On the criminal side there were two scintillating cross - examinations - one by G.G. Ponnambalam Q.C. the most sought after defence lawyer after the legendary R.L. Perera K. C. , of Scotland Yard’s Inspector Godsell in the famous Ranjani taxi cab murder case – the first finger print case in Ceylon. After thoroughly demolishing Godsell’s evidence, G.G. walked up to him as he was stepping down from the witness box, took out his solid gold cigarette case and grinning mischievously offered him a cigarette with the remark: "No hard feelings, Godsell?". The other was Dr. Colvin R. De Silva’s elaborate delicate but devastating cross-examination, in the famous Sathasivam murder case, of a highly respected witness, Professor Milroy Paul, who had to be handled with extreme sensitivity in view of his standing in the profession. Sathasivam the famous cricketer, was indicted for the murder of his wife. High society had hanged him from every lamppost in the city. Justice Gratiaen presided over the trial before a special jury. Dr. Colvin R. De Silva defended him. Satha began the case a villain. The West Indian Cricket team visited him in jail. Upon acquittal he was carried shoulder high out of court by his supporters – a hero once again. It is said that Colvin lost his Wellawatte Parliamentary seat because irate Tamil opinion punished him for securing Satha’s acquittal.
These cases may not be relevant to the flaws in the present Constitution but just look at the names mentioned. Each of them rode like a colossus during their legal career. The family background, upbringing, intellect and vocabulary, they had the ability to think on their feet and quote from the hip as and when required.

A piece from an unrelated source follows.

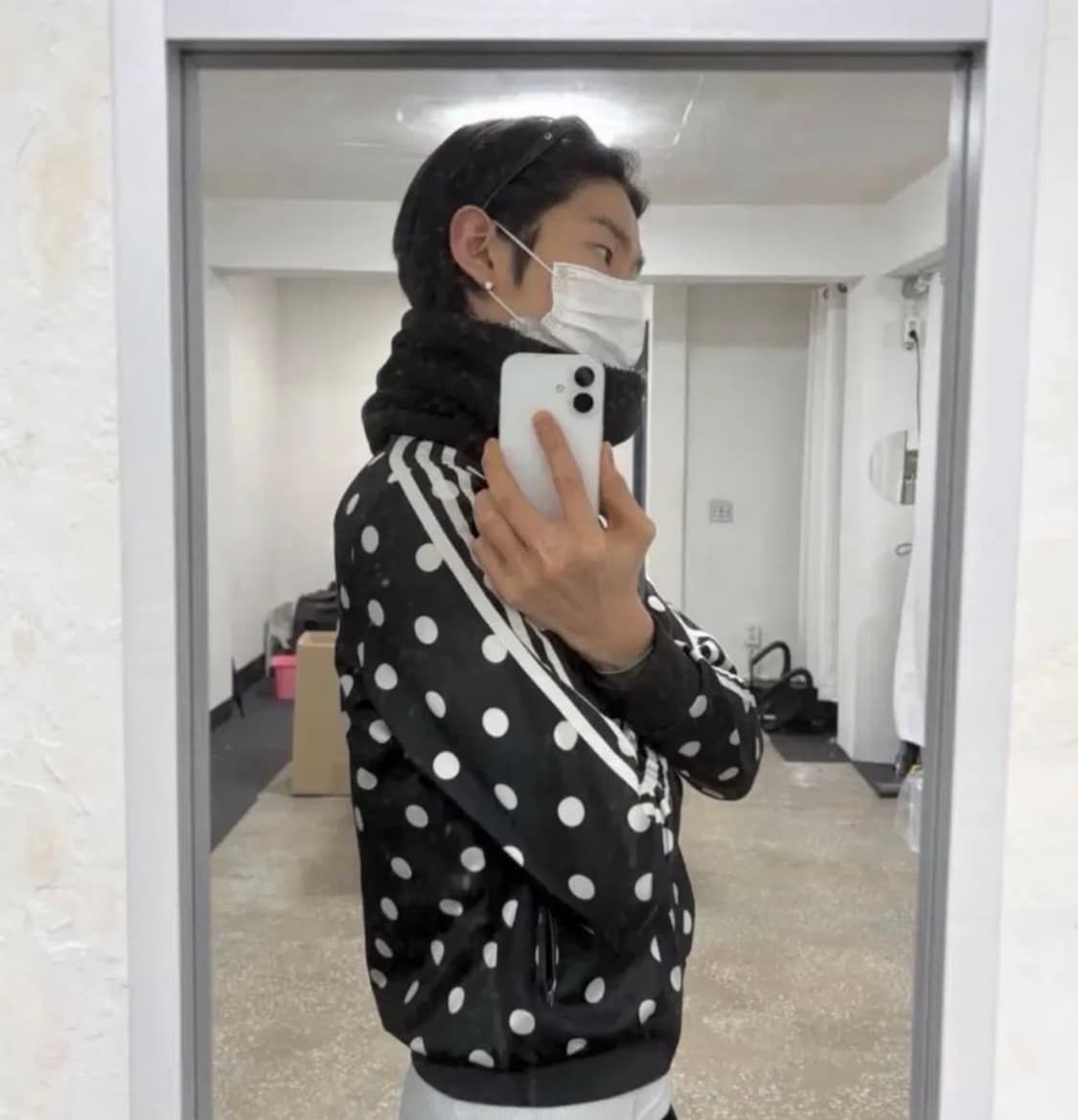 아디다스 빈티지 파이어버드 빅로고 도트 땡땡이 패턴 트랙탑져지 자켓 블랙 상품이미지4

We desperately need a new Constitution to address the important questions that arise in a multi-ethnic, pluralistic society such as ours. Our society deserves it because of the supreme worth of the individual, his right to life, liberty and happiness. The law was made for man and not man for the law; that government is the servant of the people and not their master. These are some of the principles, however formulated, for which all good men and women throughout the world, irrespective of race or creed or education, social position or occupation are standing and for which many of them are suffering and dying.